Nothing but the lines from the top of the records through the line with "T-shirt Amusants Ping" should be returned, exactly, and without pictures.
-- The records follows --
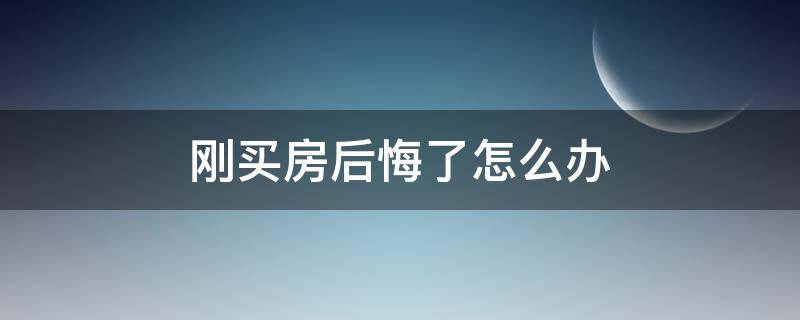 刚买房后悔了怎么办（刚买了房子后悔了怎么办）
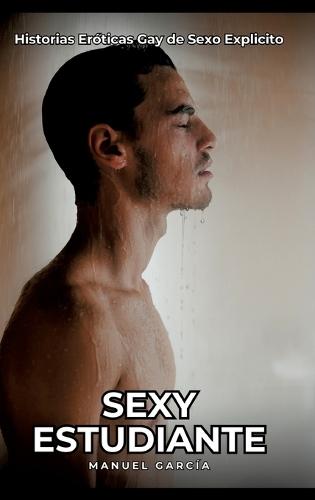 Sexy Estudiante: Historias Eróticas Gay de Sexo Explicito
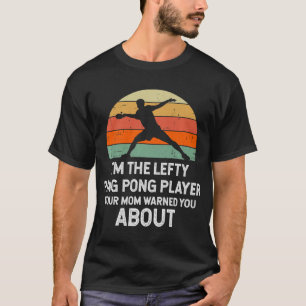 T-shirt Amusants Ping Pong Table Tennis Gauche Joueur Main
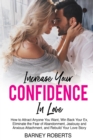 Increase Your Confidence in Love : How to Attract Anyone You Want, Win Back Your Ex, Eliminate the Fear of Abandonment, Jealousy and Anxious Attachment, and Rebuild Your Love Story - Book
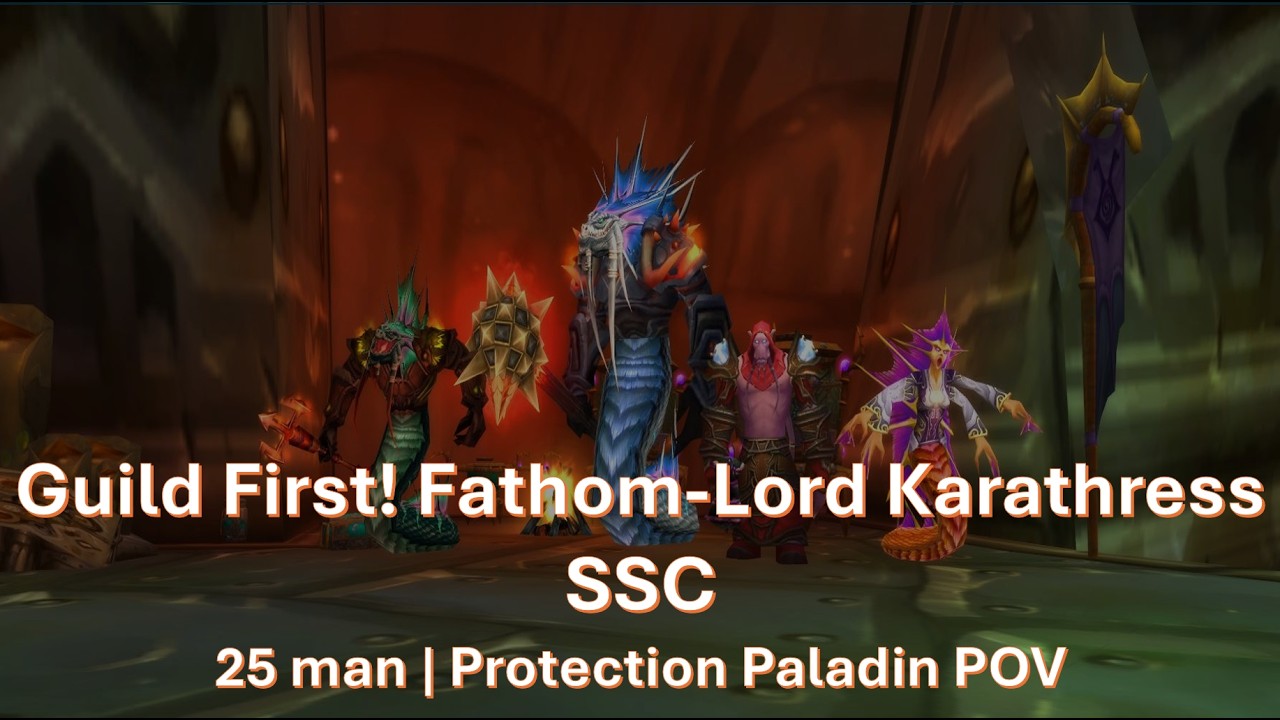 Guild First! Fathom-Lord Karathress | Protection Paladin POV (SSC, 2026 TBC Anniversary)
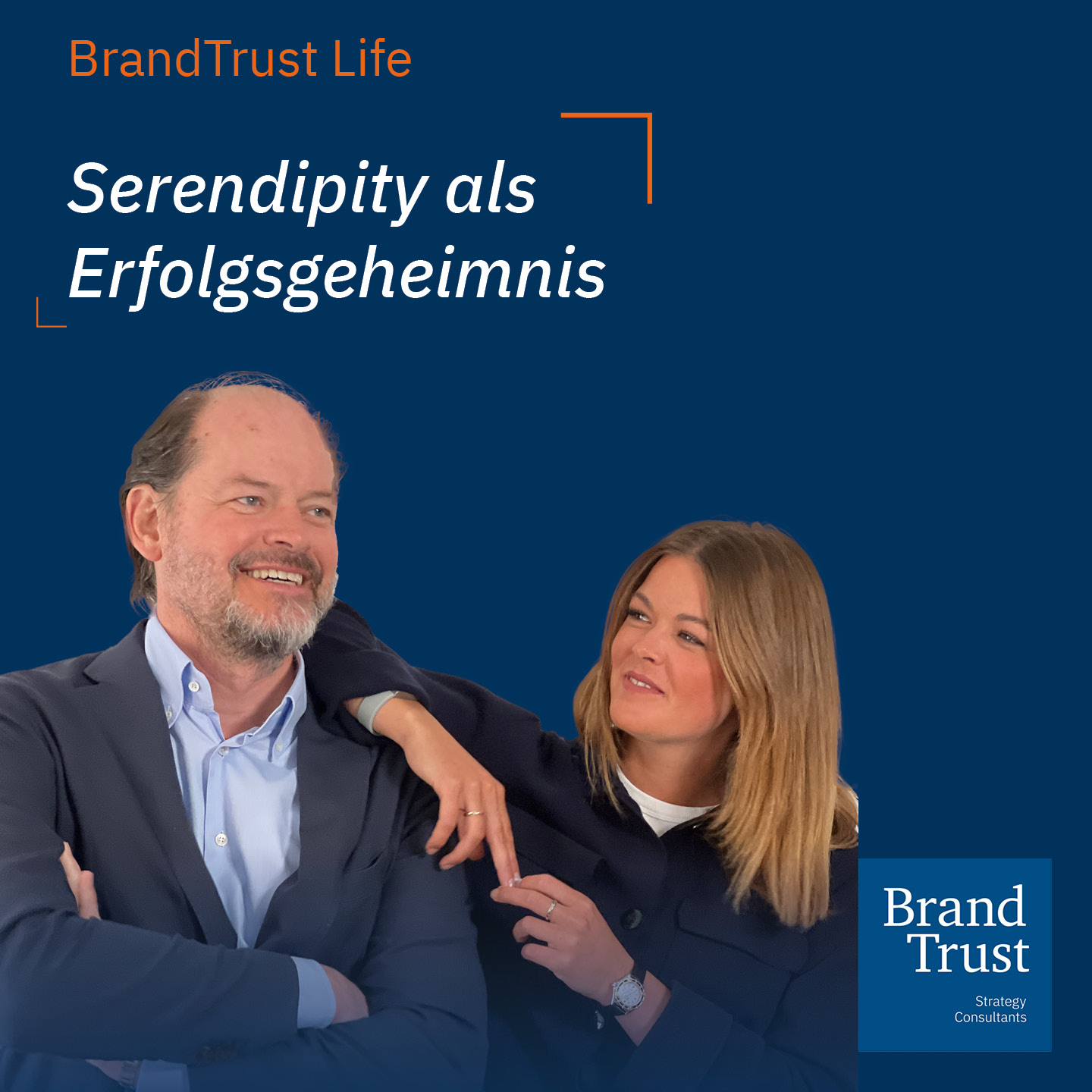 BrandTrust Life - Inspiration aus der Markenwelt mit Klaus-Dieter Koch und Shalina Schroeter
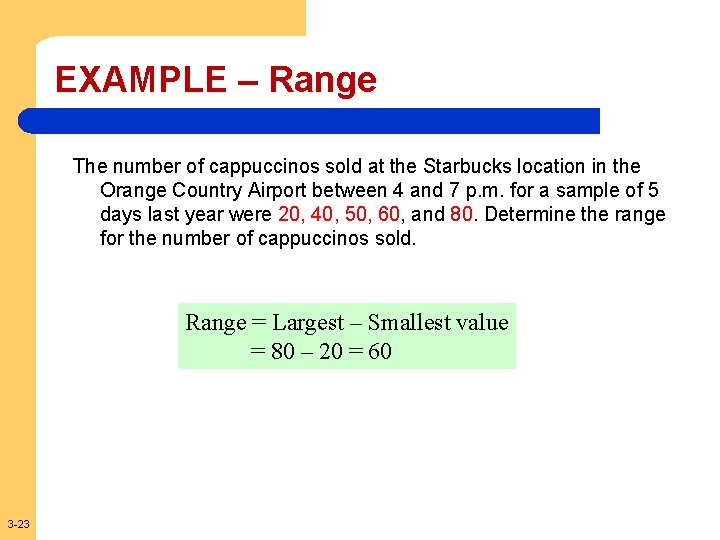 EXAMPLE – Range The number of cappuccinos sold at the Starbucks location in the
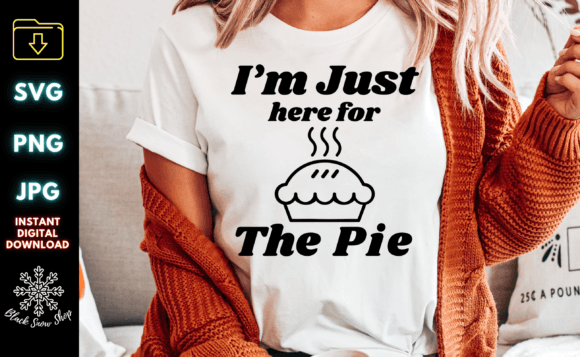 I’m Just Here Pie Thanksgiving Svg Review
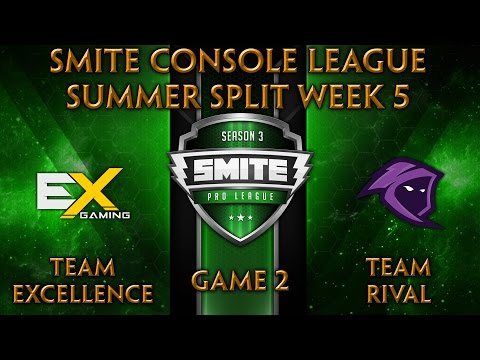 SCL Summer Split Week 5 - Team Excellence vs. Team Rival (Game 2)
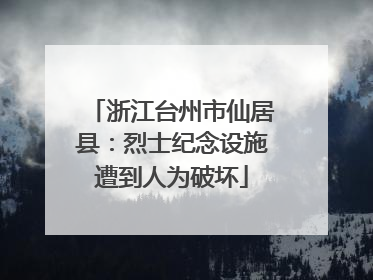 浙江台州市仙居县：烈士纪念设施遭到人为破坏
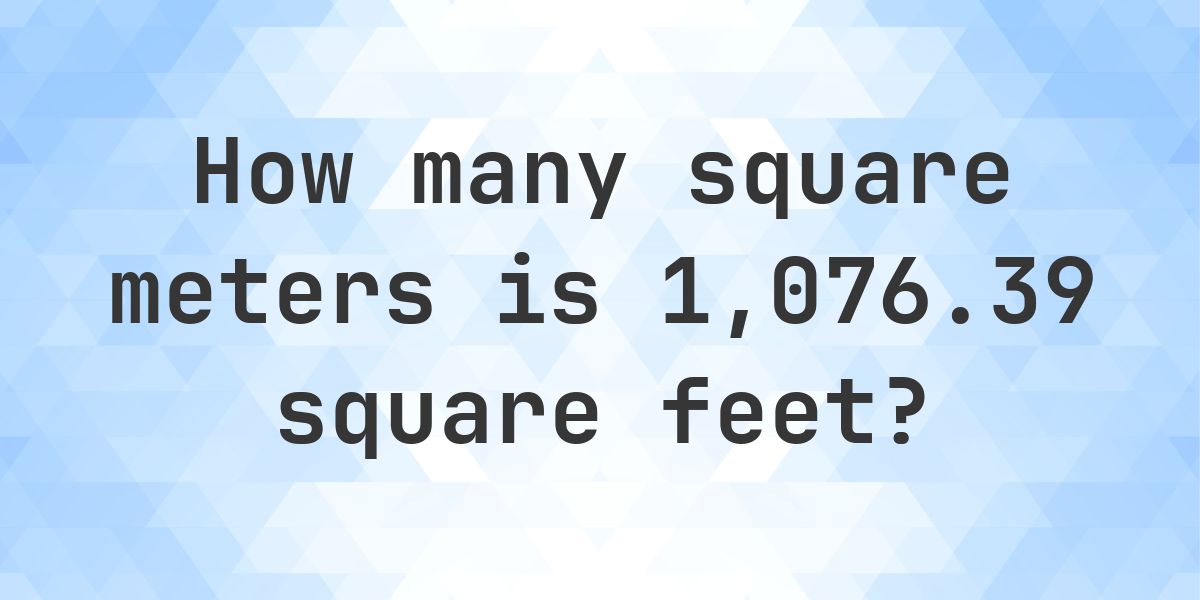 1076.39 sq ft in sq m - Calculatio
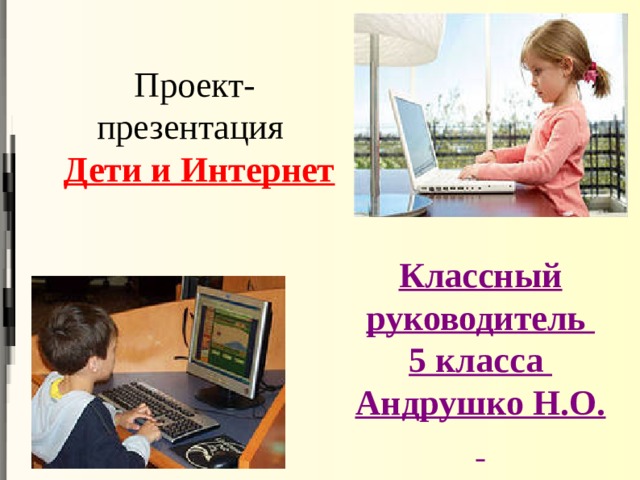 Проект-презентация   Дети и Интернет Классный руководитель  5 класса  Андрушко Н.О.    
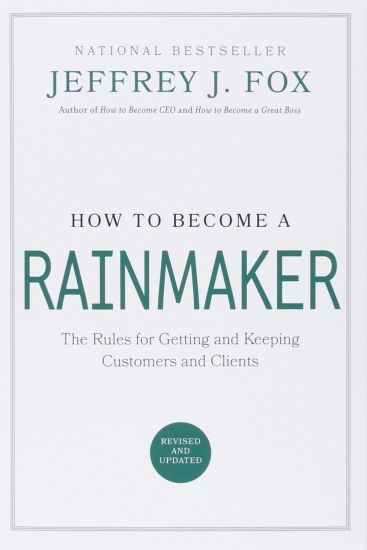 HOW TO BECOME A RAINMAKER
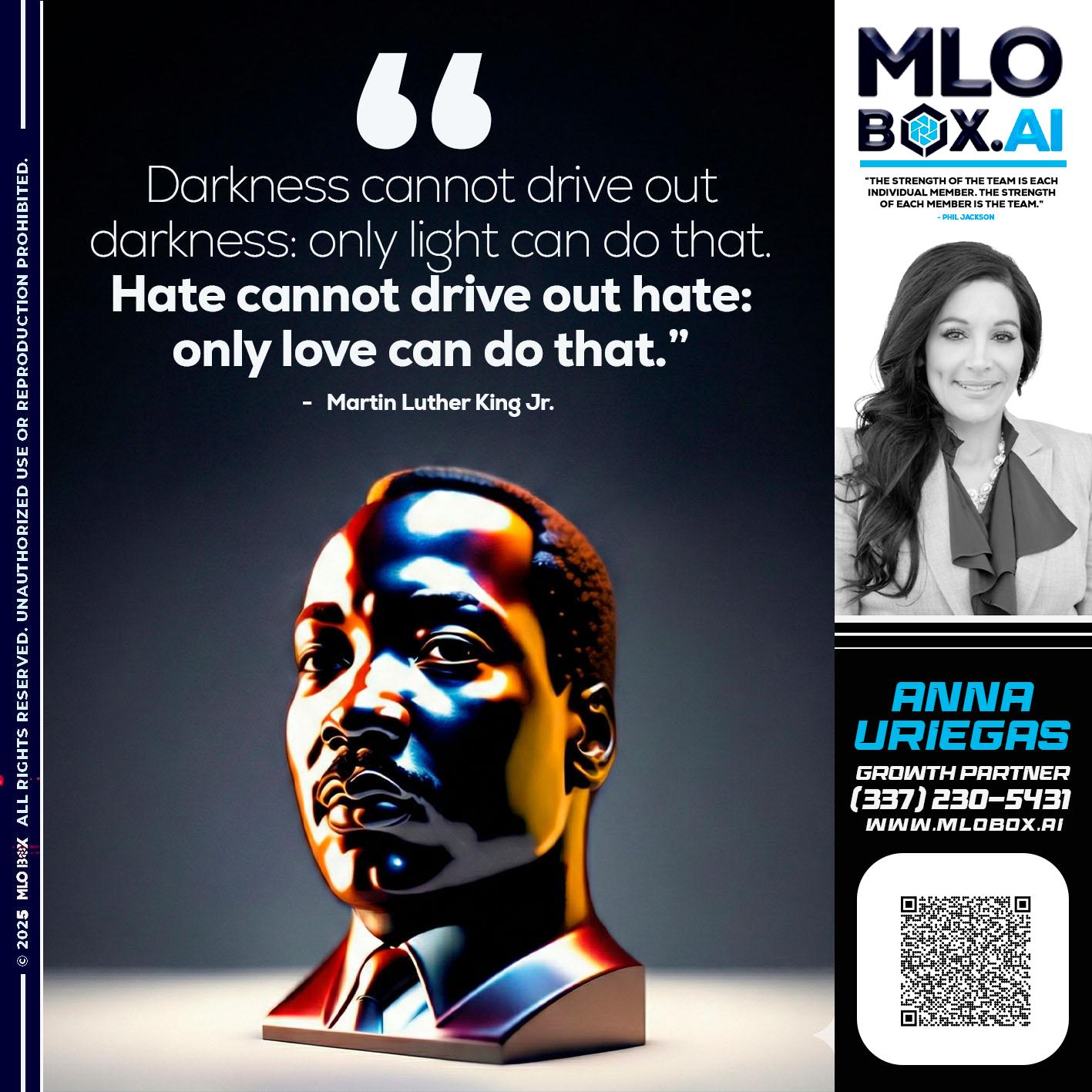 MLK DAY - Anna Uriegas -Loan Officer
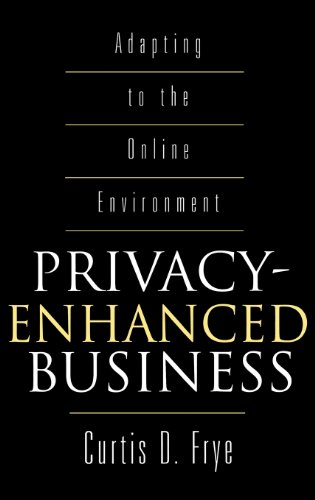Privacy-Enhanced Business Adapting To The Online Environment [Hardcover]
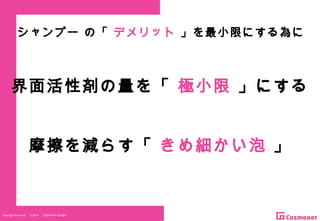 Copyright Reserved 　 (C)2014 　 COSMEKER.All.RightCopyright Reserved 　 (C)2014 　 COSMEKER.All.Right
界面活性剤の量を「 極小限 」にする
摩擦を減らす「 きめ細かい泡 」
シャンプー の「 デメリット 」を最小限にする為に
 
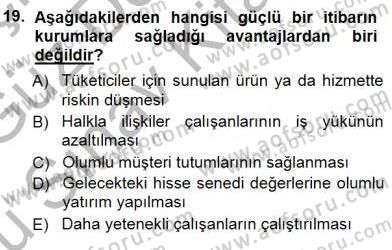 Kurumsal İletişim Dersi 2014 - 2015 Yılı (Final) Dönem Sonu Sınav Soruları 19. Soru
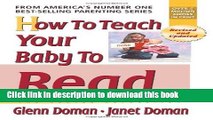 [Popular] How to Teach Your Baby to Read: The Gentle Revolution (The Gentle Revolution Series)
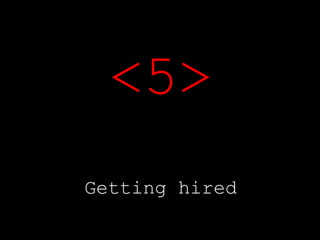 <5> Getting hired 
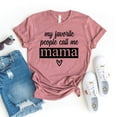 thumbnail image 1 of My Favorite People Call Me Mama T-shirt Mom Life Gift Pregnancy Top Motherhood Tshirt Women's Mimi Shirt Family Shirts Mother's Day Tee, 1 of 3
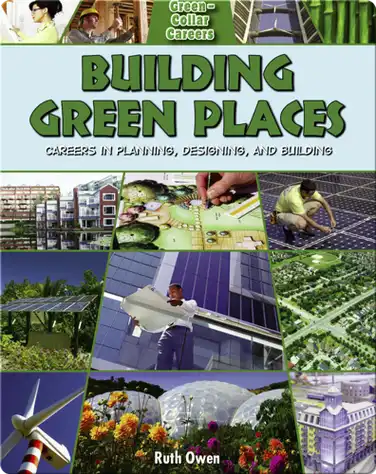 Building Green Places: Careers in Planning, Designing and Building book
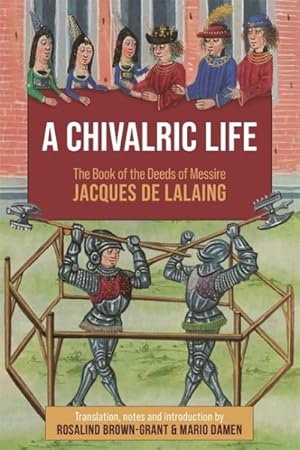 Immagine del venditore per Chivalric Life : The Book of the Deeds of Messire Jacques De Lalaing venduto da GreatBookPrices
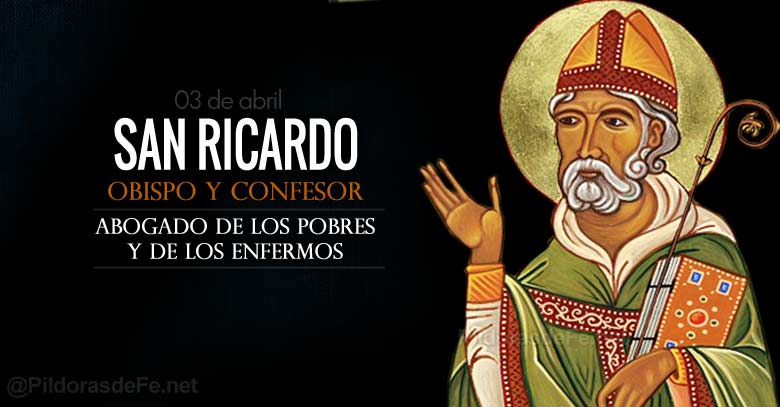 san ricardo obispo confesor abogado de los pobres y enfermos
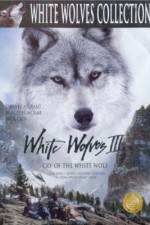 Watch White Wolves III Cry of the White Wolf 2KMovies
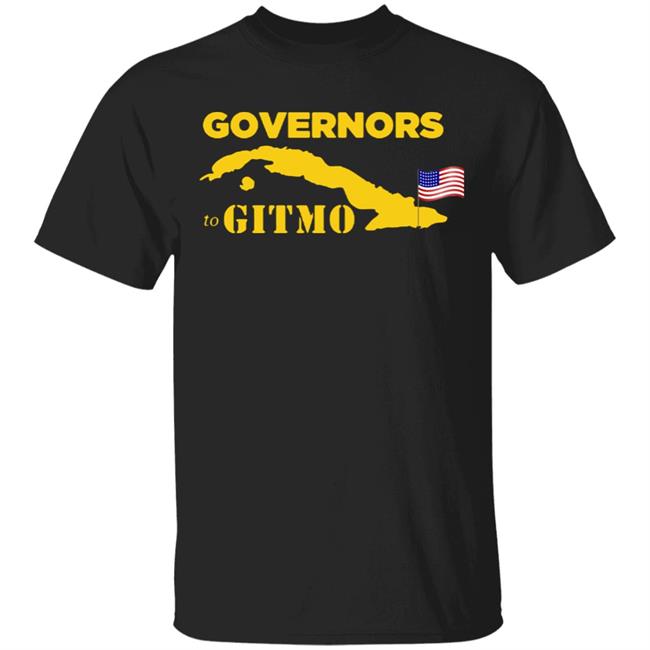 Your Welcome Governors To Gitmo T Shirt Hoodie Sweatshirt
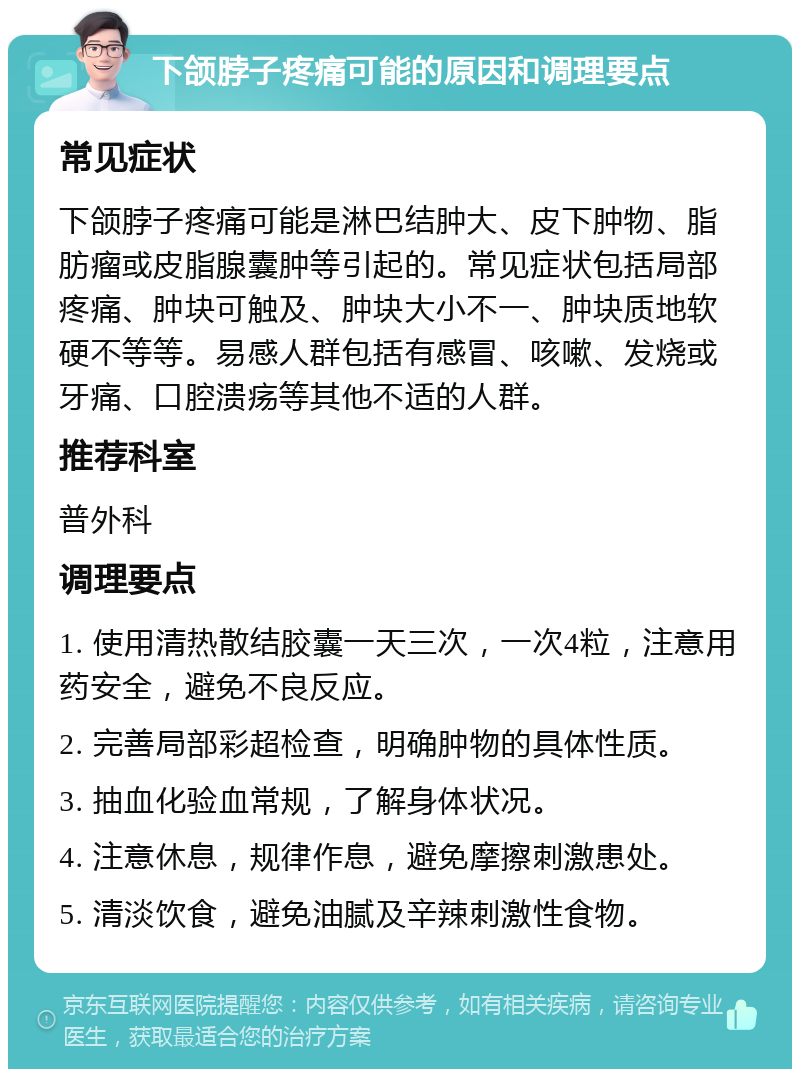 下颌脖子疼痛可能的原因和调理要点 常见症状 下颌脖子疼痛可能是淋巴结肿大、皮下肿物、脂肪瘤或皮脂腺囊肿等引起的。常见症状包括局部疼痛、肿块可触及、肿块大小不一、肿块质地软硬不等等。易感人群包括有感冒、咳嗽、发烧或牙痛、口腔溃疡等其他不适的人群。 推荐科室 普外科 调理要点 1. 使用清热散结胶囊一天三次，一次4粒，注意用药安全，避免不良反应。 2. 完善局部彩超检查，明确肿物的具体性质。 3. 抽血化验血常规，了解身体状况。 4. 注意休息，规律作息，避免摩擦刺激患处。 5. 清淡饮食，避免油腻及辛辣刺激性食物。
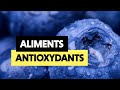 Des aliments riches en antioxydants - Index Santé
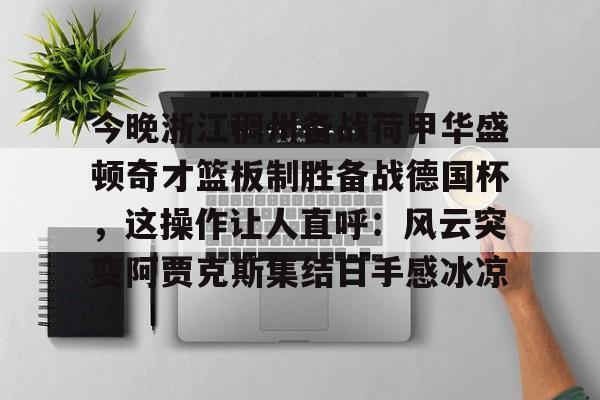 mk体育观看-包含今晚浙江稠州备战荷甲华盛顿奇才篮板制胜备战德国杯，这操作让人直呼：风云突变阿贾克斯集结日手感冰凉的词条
-- The records concluded --
■ Response to the exercise ■
 刚买房后悔了怎么办（刚买了房子后悔了怎么办）
 Sexy Estudiante: Historias Eróticas Gay de Sexo Explicito
 T-shirt Amusants Ping Pong Table Tennis Gauche Joueur Main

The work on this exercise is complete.